Angular momentum operator eigenvalues in HO potential.

[Zaknife]

Homework Statement

Find wave functions of the states of a particle in a harmonic oscillator potential
that are eigenstates of Lz operator with eigenvalues -1 h , 0, 1 h and have smallest possible eigenenergies. Check whether these states are also the eigenstates of L^2 operator. Eventually, write the wave functions using spherical coordinates and normalize independently
their radial and angular parts.

Homework Equations

The Attempt at a Solution

I know that solution of eigen-problem for $L_{z}$ operator is:
psi(\theta, \phi)= P(\theta) e^{im\phi}
But i don't know how to include harmonic oscillator potential into this problem. I already proved that eigenstates of Lz are also eigenstates of L^2. Thanks for any advice !

 

[BruceW]

that are eigenstates of Lz operator with eigenvalues -1 h , 0, 1 h and have smallest possible eigenenergies. Check whether these states are also the eigenstates of L^2 operator. Eventually, write the wave functions using spherical coordinates and normalize independently their radial and angular parts.

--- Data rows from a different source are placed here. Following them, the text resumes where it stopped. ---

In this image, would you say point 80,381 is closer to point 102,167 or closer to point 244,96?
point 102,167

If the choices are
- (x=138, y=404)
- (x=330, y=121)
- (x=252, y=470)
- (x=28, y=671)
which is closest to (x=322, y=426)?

This suggests that the question is about about a 3d isotropic harmonic oscillator. The solutions might looks similar to the hydrogenic atom, but be careful. Were you set this as homework? Its pretty difficult to do something like this from first principles...

 

[Zaknife]

Yes it's my homework actually. So the suggestion is to solve the radial equation, for the HO potential \frac{1}{2}\omega mr^{2}. For l=-1,0,1 and then "combine" it with the angular part of wavefunction for different m values ?

 

[vela]

You need to solve the Schrödinger equation using the harmonic oscillator potential. Use separation of variables.